-------- Available data --------

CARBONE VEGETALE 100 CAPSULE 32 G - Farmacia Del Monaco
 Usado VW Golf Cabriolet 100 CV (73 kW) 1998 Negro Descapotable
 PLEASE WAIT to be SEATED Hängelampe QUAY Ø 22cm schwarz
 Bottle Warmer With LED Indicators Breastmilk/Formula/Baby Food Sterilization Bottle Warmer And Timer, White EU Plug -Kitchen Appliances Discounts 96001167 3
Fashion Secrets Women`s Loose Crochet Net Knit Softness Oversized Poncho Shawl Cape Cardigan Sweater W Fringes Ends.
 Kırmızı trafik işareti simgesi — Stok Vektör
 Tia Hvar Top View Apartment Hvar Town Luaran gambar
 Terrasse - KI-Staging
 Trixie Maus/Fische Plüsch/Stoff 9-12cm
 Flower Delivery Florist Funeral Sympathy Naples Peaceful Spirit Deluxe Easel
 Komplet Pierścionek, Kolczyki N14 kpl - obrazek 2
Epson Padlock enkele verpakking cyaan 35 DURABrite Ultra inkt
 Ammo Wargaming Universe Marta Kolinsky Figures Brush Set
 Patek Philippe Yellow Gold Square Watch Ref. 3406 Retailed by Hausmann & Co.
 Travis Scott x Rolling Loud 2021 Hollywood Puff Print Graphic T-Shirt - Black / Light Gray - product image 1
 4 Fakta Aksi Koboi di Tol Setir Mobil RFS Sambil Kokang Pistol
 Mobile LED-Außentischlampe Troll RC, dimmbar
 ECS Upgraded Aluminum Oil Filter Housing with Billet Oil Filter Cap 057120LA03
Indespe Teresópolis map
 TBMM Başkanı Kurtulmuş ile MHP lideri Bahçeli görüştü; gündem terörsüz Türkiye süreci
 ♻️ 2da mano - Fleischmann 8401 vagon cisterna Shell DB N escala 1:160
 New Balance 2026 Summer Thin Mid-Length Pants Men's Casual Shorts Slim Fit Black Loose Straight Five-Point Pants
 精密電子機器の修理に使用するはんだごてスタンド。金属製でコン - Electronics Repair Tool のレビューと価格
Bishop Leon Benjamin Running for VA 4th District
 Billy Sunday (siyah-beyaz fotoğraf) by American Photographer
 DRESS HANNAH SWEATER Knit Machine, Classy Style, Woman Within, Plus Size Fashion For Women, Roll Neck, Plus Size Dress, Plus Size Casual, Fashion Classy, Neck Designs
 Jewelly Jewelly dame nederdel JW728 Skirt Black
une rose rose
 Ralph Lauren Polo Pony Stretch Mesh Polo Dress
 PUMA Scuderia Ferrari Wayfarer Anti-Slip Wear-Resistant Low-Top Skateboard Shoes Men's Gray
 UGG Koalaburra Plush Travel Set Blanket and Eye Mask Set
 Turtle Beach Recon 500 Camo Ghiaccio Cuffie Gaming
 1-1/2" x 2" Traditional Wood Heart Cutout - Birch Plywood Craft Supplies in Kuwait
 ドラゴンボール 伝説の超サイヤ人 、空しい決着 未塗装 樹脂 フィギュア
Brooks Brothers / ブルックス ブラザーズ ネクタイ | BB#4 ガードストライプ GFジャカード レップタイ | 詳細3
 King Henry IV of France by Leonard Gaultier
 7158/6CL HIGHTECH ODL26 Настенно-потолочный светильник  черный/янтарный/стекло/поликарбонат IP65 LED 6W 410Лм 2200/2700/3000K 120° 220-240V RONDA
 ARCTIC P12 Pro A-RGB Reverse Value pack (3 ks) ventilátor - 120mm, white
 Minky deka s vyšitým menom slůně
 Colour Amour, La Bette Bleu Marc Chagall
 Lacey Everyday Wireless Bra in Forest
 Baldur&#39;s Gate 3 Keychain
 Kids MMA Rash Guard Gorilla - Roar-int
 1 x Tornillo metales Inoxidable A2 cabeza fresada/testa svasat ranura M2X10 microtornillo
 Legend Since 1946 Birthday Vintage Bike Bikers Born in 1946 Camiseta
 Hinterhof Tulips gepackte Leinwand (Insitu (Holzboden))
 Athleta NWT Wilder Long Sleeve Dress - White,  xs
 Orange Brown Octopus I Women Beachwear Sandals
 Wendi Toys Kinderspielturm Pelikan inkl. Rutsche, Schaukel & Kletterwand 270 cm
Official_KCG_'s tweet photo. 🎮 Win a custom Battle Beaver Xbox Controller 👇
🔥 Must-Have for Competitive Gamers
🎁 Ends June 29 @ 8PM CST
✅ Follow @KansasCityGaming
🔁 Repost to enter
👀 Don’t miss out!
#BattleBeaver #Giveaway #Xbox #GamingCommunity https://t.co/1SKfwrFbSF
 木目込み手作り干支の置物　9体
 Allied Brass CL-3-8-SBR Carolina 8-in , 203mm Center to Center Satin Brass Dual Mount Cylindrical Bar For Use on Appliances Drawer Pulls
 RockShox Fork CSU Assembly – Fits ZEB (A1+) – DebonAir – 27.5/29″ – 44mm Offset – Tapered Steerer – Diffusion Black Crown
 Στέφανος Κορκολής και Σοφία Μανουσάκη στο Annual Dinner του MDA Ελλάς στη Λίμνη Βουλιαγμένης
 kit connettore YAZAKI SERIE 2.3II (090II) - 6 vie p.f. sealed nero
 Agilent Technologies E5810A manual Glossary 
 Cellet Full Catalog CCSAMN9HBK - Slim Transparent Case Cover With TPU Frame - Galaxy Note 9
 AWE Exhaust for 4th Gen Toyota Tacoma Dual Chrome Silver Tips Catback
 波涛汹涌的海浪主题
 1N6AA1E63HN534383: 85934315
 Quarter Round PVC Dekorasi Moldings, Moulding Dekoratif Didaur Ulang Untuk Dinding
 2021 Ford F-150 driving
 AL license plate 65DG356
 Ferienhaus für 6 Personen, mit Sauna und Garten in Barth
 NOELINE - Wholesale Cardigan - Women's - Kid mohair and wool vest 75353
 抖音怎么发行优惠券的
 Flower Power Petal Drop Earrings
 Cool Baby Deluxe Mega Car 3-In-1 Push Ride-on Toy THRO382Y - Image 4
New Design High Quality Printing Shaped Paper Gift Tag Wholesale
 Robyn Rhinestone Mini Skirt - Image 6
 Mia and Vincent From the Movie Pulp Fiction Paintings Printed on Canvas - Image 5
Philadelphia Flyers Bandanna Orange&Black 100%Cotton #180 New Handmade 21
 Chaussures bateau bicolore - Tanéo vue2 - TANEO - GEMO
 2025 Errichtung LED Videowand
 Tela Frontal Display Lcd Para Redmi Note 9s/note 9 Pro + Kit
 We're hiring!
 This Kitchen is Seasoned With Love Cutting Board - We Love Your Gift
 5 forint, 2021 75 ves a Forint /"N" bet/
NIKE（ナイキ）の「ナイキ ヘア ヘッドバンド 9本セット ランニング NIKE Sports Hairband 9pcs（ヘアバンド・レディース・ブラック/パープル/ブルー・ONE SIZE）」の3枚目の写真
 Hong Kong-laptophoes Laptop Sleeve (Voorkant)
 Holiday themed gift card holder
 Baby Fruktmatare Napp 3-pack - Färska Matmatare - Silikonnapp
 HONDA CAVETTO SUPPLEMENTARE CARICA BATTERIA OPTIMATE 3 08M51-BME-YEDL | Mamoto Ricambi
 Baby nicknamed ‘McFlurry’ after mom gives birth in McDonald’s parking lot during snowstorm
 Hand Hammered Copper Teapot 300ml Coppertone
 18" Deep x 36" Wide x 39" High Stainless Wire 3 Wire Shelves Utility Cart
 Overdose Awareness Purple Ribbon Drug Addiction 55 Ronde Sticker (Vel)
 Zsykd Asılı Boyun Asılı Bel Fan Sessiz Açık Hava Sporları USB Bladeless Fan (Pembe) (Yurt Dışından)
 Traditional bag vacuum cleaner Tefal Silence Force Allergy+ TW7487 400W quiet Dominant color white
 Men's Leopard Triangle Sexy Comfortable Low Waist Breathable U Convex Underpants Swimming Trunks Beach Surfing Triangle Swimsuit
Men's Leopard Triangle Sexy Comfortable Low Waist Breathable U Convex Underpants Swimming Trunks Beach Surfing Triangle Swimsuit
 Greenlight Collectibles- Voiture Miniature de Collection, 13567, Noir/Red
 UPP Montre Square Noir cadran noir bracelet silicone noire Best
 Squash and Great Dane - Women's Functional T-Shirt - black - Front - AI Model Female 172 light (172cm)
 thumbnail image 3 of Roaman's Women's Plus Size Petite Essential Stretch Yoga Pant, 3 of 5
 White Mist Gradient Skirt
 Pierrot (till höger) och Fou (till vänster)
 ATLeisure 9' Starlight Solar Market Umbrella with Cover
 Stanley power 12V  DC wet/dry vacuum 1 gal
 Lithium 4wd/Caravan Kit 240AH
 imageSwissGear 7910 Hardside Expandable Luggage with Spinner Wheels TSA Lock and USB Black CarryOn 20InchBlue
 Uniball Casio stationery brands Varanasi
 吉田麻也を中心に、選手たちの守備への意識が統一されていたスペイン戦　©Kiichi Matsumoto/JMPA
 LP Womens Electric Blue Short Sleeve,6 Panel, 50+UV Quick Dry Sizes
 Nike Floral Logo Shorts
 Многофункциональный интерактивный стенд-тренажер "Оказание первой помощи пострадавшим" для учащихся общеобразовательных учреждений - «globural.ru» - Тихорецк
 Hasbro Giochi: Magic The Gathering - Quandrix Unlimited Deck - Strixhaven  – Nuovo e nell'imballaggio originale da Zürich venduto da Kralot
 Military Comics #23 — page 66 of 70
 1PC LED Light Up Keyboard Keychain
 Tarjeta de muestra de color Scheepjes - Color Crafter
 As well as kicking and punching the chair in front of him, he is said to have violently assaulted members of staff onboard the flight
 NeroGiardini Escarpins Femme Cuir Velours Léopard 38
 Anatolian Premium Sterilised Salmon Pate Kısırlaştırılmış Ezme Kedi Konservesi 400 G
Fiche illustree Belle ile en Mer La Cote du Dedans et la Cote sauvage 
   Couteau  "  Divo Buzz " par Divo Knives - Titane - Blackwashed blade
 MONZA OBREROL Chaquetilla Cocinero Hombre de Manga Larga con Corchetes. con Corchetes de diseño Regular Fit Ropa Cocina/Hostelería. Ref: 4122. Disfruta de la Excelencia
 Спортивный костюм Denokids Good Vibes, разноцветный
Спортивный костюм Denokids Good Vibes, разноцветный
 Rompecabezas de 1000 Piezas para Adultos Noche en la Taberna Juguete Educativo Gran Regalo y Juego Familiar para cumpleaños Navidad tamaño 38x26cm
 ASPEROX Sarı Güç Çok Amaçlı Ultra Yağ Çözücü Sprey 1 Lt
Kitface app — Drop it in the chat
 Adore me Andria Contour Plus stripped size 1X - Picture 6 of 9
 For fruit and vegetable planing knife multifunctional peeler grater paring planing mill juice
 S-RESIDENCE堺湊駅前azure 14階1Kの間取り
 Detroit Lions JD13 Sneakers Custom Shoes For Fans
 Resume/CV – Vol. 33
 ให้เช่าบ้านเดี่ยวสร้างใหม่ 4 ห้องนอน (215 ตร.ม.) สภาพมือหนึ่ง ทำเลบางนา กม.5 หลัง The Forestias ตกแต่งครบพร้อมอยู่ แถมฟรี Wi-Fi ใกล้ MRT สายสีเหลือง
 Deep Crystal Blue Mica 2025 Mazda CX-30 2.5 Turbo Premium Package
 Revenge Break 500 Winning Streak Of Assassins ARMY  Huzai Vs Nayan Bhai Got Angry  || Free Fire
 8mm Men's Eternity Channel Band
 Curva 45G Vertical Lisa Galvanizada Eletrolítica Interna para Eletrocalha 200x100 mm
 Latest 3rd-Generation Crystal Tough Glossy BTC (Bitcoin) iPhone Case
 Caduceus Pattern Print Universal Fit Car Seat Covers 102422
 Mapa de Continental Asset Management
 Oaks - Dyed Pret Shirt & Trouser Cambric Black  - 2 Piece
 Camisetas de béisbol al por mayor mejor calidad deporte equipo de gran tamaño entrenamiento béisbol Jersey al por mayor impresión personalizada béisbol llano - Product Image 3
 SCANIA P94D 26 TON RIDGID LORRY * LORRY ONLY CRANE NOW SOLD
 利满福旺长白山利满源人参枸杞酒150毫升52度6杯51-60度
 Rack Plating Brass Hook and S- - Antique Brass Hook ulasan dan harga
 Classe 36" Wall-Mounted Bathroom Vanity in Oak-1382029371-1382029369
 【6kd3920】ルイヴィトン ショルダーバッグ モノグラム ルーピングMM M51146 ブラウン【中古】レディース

--------

= What you have to do =
The answer should be a number alone: the count of lines in the records that hold the word "Trunks".

= Exercise solution =
2